I live in Greenfield, Massachusetts, which due to poor planning and bone-headed decisions by town government a couple decades or so ago, is a little bit of the rust belt in New England. But it wasn’t always so! In 1912, I’m told, Greenfield had the highest per capita income of any town in the U.S., due to the highly skilled blue-collar and professional workforce associated with the cutting tool industry here.
This afternoon my wife and I spent several enjoyable hours at The Museum of Our Industrial Heritage, which chronicles the cutting tool industry and its central role in opening the West in the early 19th century through its role in winning World War II (I had no idea my home town played such a critical role in that war). What was perhaps most interesting was the map of the relations between the various companies in that industry that grew out of one another over the years. A group of talented engineers in one established company would get a bright idea, work on their own time to perfect it, attract capital, and then open their own cutting tool company down the street. This scenario played out time after time for generations. That sounds like Silicon Valley today, and it’s not exaggerating at all to say that little Greenfield was the Silicon Valley of its day.
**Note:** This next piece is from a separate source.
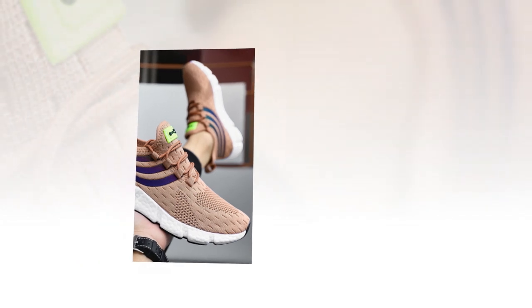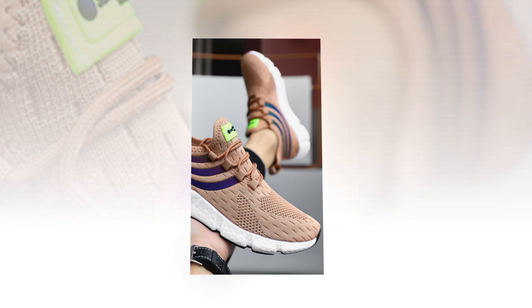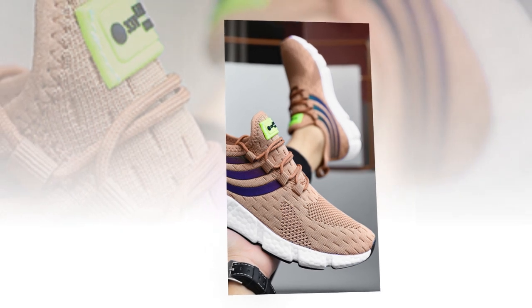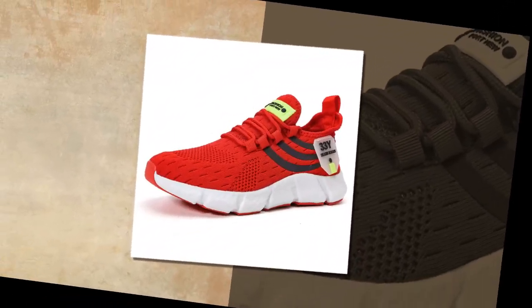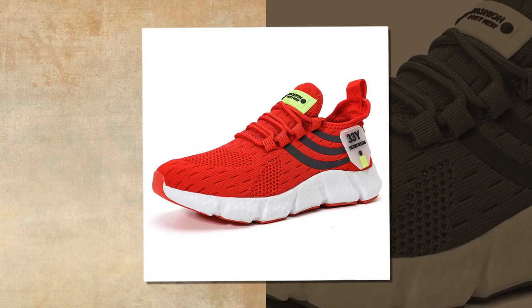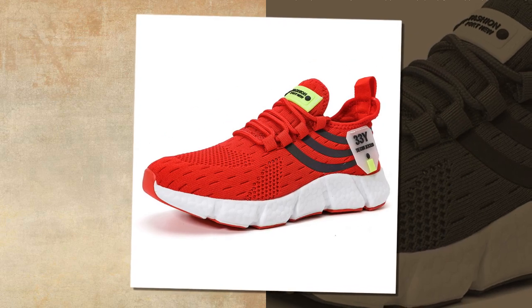The upper part of the shoe is made from air mesh, a material known for its breathability. This is a key feature, especially if you're wearing these shoes for extended periods. The mesh allows air to flow freely, keeping your feet cool and preventing that uncomfortable sweaty feeling that often comes with less breathable materials. This makes them perfect for summer or any warm weather activity. If you like the product, you will find the link in the description and comment section.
The lesson in seeing how industries have always innovated and grew is that we don’t want to lose that ability. Capitalism is a messy thing—it has aptly been called a process of creative destruction—but its very messiness is one of its chief virtues. Whether innovation in the industries on the horizon means a couple people in a garage starting a new firm with $10,000 of their own money, or a couple hundred people starting a new company with a billion dollars in venture capital, the ability of capital and people to flow to innovative new ideas must not be impeded.
As the nature of our economy evolves and changes, that is one thing that we must preserve, and take great care not kill with regulatory, political, bureaucratic, or legal impediments.